▶ [Instructions for the task]
Everything in the listing should be transcribed exactly, apart from the pictures.

┌─ Data block

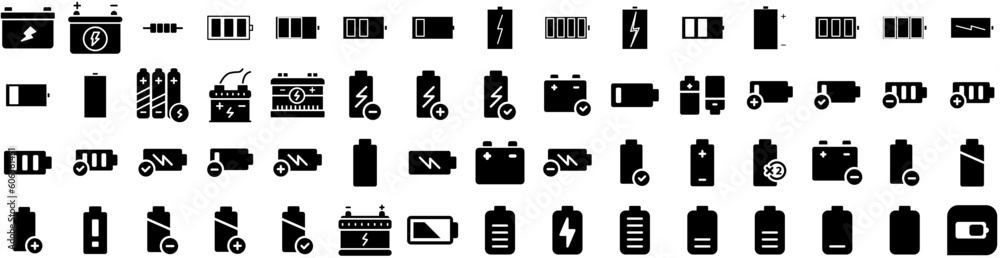 Set Of Battery Icons Isolated Silhouette Solid Icon With Battery, Technology, Electric, Power, Electricity, Energy, Industry Infographic Simple Vector Illustration Logo Set Of Battery Icons Isolated Silhouette Solid Icon With Battery, Technology, Electric, Power, Electricity, Energy, Industry Infographic Simple Vector Illustration Logo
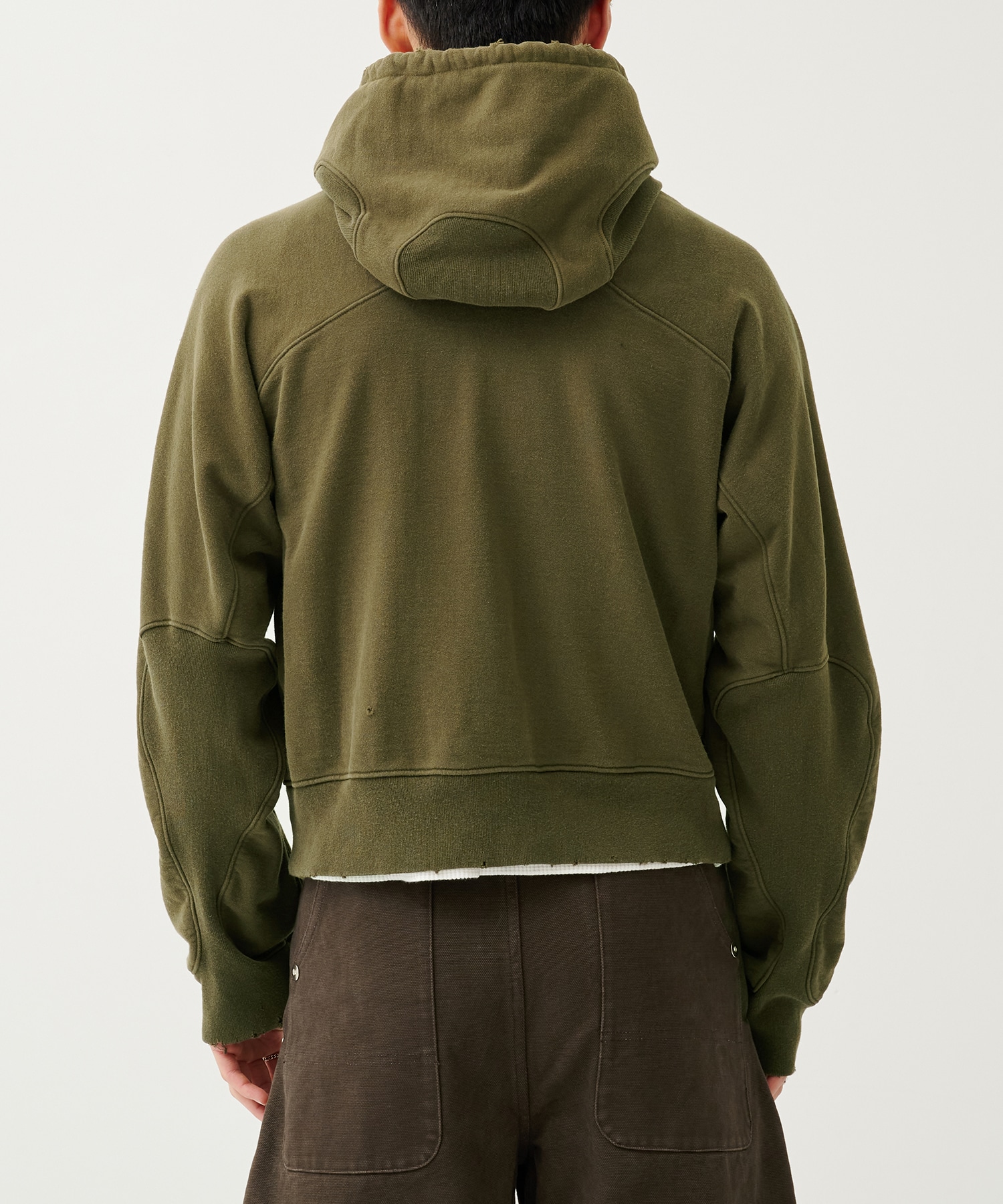 別注 DAMAGED PANELLED ZIP UP HOODIE NVRFRGT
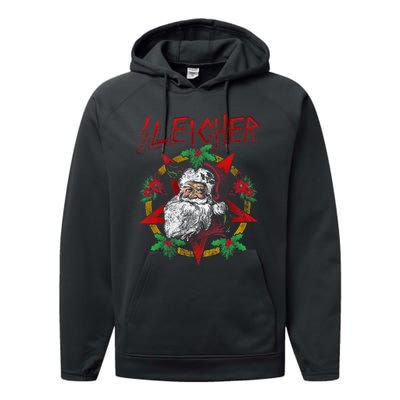 Sleigher Heavy Metal Santa Claus Christmas Xmas Gift Performance Fleece Hoodie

└─

▶ [Output of the task]
 Set Of Battery Icons Isolated Silhouette Solid Icon With Battery, Technology, Electric, Power, Electricity, Energy, Industry Infographic Simple Vector Illustration Logo Set Of Battery Icons Isolated Silhouette Solid Icon With Battery, Technology, Electric, Power, Electricity, Energy, Industry Infographic Simple Vector Illustration Logo
 別注 DAMAGED PANELLED ZIP UP HOODIE NVRFRGT
 Sleigher Heavy Metal Santa Claus Christmas Xmas Gift Performance Fleece Hoodie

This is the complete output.